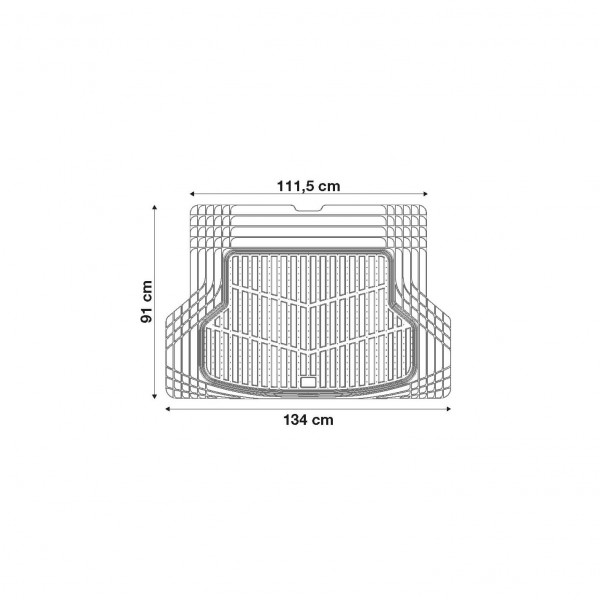 Alfombra de Goma para Maletero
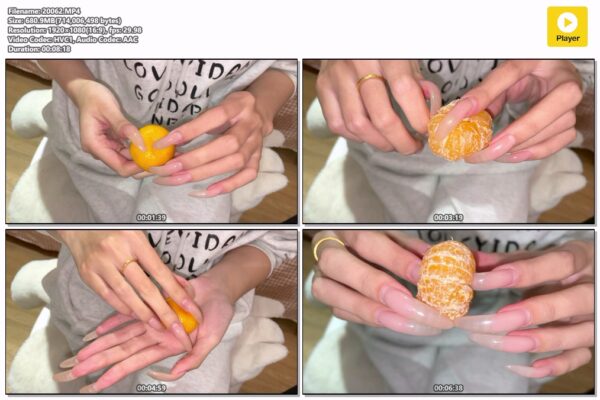 #104 - Long Nails On Mandarin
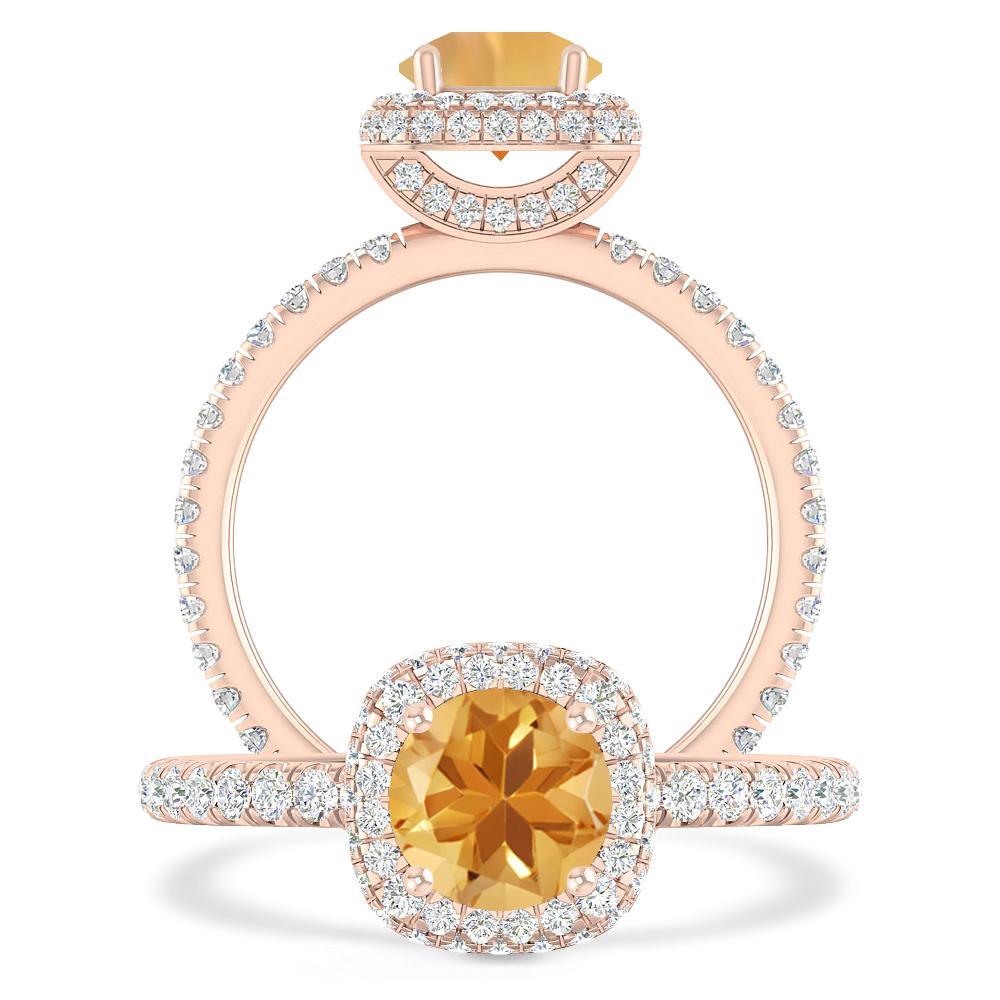 Rose Gold - Citrine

#### Required action:
Return all of the material exactly, without pictures.

#### Written solution:
 Alfombra de Goma para Maletero
 #104 - Long Nails On Mandarin
 Rose Gold - Citrine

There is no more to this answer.